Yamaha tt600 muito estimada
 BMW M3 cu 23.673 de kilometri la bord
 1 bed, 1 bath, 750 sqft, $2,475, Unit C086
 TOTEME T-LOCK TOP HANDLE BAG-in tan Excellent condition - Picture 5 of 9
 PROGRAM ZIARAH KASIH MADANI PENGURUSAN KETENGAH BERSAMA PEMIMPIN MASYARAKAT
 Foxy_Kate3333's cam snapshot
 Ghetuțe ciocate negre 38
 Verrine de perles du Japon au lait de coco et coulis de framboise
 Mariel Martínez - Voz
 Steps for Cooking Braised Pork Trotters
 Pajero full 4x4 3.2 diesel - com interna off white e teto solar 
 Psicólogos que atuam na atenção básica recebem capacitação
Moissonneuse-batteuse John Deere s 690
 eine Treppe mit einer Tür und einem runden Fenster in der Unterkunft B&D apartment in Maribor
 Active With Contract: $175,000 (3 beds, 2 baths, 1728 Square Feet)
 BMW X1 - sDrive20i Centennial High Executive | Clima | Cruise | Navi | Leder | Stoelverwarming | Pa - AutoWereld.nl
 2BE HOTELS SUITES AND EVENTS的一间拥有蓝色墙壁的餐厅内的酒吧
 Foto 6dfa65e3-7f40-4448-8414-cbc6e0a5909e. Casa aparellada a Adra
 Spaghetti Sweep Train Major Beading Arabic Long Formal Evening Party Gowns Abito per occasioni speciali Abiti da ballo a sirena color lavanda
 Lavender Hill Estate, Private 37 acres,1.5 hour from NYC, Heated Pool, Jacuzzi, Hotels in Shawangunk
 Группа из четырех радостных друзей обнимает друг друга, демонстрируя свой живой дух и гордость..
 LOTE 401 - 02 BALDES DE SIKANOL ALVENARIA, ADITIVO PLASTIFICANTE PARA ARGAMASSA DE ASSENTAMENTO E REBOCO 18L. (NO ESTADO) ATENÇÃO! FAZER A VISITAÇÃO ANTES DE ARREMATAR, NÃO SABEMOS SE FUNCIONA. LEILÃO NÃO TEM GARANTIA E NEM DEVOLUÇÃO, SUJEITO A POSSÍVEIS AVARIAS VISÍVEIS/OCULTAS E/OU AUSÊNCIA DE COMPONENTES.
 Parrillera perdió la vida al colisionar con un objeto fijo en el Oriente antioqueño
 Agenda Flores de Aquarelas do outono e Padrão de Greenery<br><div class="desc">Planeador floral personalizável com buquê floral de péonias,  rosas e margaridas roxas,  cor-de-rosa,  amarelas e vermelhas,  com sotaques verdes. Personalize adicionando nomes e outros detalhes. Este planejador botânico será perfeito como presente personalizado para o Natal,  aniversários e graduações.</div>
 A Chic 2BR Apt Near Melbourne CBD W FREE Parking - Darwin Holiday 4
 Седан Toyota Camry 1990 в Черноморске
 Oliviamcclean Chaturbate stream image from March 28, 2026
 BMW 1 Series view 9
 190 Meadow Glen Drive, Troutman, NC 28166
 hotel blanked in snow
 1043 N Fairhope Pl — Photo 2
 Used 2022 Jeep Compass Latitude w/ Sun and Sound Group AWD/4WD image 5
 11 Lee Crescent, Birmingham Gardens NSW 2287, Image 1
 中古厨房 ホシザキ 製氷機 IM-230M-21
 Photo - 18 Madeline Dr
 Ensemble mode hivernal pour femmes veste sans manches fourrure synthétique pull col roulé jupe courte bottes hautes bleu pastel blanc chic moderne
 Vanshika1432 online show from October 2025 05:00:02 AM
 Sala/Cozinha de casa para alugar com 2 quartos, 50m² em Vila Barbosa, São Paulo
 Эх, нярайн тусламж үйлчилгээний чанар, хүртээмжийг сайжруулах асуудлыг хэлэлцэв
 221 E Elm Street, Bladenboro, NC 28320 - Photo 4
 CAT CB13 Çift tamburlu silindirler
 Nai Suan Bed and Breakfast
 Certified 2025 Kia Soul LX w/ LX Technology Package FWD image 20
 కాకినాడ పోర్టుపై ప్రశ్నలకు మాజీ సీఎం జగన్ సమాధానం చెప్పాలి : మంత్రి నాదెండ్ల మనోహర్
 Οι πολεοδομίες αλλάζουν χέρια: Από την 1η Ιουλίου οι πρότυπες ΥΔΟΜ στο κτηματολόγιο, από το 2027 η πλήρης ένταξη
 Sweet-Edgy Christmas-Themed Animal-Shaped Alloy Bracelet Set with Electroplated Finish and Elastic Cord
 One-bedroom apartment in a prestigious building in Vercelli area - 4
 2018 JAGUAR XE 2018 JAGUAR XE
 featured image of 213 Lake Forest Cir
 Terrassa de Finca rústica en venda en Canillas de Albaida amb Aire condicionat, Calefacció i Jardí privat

§ **What you are asked to do**:
From the material above, copy each line that includes the word "Photo".

§ **Response to this exercise**:
 1043 N Fairhope Pl — Photo 2
 Photo - 18 Madeline Dr
 221 E Elm Street, Bladenboro, NC 28320 - Photo 4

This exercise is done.